The same day, Sacks filed charges of illegal anti-union retaliation with the NLRB, and requested a federal court injunction to force a quick resolution prior to next month’s election. On June 2, according to Neumann-Ortiz, Palermo’s sent the first of multiple waves of letters terminating some strikers.
“People have been explicitly told they’re being fired for participating in the strike,” Neumann-Ortiz says. She says some letters told workers they were being fired for participating in a legally unprotected work stoppage, others told temp workers they were being cut off for participating, and others took the form of “resignation” letters written on behalf of striking workers.
The most recent termination letters, dated June 8, told workers they were being terminated for failure to comply with the 10-day immigration verification deadline announced May 30. Voces alleges that Palermo’s created the 10-day deadline to break the union, and falsely pinned it on ICE. Neumann-Ortiz says that the company “claimed that they were just abiding by this new mandate on the part of ICE, and yet the local ICE confirmed with a representative of the Steelworkers that it wasn’t coming from them. It was coming from the company.” She says workers began receiving these letters Monday, even though the Department of Homeland Security “has informed the company that the verification process has been suspended.”
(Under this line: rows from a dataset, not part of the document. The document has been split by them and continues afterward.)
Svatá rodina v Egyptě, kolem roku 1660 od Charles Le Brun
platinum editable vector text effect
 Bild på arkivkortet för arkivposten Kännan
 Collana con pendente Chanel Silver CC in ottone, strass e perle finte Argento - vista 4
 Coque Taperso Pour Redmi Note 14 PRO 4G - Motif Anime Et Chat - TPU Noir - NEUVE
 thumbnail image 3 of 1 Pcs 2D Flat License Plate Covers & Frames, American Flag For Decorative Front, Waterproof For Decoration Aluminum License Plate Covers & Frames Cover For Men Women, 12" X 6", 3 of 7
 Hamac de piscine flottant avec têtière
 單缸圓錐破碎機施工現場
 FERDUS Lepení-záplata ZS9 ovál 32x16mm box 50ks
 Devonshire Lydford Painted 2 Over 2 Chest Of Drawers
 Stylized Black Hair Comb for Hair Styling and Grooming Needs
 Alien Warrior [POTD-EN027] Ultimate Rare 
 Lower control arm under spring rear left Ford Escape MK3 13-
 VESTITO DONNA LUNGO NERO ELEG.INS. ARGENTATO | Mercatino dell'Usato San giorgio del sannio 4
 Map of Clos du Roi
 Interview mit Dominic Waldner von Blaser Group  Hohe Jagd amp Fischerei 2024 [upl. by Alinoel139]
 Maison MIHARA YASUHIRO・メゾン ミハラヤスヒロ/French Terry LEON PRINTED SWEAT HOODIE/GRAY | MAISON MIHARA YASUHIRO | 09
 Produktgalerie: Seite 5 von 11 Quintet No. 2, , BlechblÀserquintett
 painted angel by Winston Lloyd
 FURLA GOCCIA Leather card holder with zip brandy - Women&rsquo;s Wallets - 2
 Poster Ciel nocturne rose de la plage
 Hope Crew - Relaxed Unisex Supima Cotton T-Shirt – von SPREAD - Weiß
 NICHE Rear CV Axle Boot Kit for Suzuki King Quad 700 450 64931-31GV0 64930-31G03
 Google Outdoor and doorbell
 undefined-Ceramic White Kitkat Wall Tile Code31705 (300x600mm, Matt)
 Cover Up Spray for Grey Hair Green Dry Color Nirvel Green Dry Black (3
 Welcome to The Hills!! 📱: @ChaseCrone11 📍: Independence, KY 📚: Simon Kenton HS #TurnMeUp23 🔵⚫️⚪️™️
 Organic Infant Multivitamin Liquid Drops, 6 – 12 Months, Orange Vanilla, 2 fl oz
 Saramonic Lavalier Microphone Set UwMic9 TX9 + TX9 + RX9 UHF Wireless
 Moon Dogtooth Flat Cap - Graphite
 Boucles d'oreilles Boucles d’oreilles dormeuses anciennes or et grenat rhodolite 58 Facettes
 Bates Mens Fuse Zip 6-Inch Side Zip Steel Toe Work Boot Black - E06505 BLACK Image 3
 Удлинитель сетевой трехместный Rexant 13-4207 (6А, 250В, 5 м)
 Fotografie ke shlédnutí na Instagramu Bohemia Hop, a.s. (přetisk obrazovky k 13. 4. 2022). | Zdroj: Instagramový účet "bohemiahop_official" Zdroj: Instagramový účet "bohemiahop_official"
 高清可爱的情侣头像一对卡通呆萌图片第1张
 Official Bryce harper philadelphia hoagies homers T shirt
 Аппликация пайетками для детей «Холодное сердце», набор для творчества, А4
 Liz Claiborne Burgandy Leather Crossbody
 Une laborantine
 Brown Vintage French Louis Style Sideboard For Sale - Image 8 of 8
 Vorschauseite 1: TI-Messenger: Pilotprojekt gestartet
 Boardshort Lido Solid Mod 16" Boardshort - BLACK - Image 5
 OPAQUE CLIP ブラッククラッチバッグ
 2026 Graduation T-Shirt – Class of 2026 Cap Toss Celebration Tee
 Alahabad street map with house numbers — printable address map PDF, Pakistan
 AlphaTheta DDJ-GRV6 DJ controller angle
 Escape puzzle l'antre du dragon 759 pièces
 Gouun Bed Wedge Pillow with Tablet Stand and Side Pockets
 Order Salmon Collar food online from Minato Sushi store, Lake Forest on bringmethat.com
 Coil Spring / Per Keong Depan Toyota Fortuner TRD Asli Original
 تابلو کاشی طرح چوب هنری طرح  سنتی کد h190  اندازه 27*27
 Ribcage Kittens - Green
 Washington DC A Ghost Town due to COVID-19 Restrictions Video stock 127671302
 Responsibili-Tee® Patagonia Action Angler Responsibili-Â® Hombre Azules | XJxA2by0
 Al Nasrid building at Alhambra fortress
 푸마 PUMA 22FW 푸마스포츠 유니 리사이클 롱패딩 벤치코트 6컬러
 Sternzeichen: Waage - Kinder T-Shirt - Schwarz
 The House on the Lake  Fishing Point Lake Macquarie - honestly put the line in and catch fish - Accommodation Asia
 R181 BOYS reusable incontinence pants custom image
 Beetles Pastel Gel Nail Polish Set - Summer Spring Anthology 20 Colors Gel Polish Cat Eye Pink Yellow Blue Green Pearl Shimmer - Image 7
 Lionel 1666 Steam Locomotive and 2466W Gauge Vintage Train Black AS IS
Workers who were on Palermo’s payroll as of June 2 will be eligible to vote in the NLRB election, even if they’ve since been fired, while temp workers will not. Workers will begin testifying on their injunction request today.
“We need your help to win this fight,” Ramirez told the crowd at the recall GOTV rally June 3. He asked them to call Palermo’s “to tell them that you won’t buy their pizza ’til they negotiate with the workers and respect their right to organize.”
Workers have since called for a formal boycott of Palermo’s, and have been joined on the picket line by local activists and union members. Their cause is being promoted by the AFL-CIO and others. The strike, which had been focused on demanding the company voluntarily recognize the union, is now focused on demanding that Palermo’s reverse the firings, end the use of temp workers and honor the NLRB election process.
Neumann-Ortiz said last night that given the scheduling of the NLRB election and ICE’s statement that there is no 10-day deadline, Voces had reached out to Palermo’s to discuss negotiating to bring back the fired workers and end the strike. But “the company has refused to negotiate in any way.”
Workers estimated that 60 to 80 percent of Palermo’s workforce went on strike. “There’s still a lot of fear,” says Silva.
“We try to talk them into coming together with us,” says striker Juan Jasso. “Some of them are scared, that’s why they’re not here. But most of them are out fighting.”
Silva says the strike is showing Palermo’s “that we’re not machines. After so many years, we’re not part of the machinery.” After ignoring workers for years, he says, “Now they’re paying attention.”